The Washington State Patrol is responsible for about half of the DUI arrests statewide each year. A spokesperson acknowledged that DUI arrests are going down, even though there is no sign that there are fewer intoxicated drivers on the road.
And the State Patrol is clearly alarmed by the rising fatality numbers.
“We’ve really been working hard with other state agencies to try to drive these numbers down. To see them go up, we’re going in the wrong direction,” said WSP’s Kyle Moore.
Moore says there are several reasons for the declining number of arrests. One is the fact that processing DUIs now takes a trooper longer than one or two hours per arrest.
“It’s taking longer to process these DUIs, which means troopers are off the roadway for up to five hours and can’t go out there again and grab the next driver,” said Moore.
Moore says court rulings and changes in DUI procedures have added to the process. For example, courts required the use of blood tests, which necessitate a warrant approved by a judge – as well as a visit to the closest hospital.
“It used to be we’d just do a breathalyzer. Now we’re required for the most part to do blood draws, which is a lengthier amount of time,” Moore said.
He says another serious problem is the shortage of Washington State Patrol troopers. He says the force is down 15 to 20 percent from full-strength. That means fewer eyes hunting for intoxicated drivers.
“It’s scary to know that there’s probably more drunk drivers on the roads now than there have been in the past,” said Mischelle Davis, chairwoman of the advisory board for Washington Mothers Against Drunk Driving.
Davis says she’s heard stories from officers in local police agencies who admit that they try to avoid DUI arrests because there isn’t enough time in a busy shift to work them.
“Very often they’re being a little more lenient than they would have been in the past,” Davis said. “Instead they’re doing something like impounding somebody’s vehicle and sending them home in a cab as opposed to processing it as a DUI.”

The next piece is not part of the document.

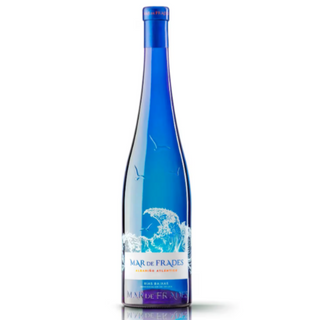 Mar de Frades Albariño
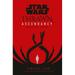 Star Wars: Thrawn Ascendancy (Book II: Greater Good)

That didn’t happen with the JBLM soldier who hit and killed Jason Ley. Troopers say Dillion Nash’s BAC registered at 13, well over the legal limit. He’s been charged with vehicular homicide and is awaiting trial in Pierce County Superior Court.
Catherine Ley says the death of her loving son, who was a national board game champion, will reverberate through the lives of his siblings and nieces and nephews.
"I just know the hurt that (Nash) caused my family will be hard to forget," she said. “It doesn’t just affect me. It affects generations of my family.”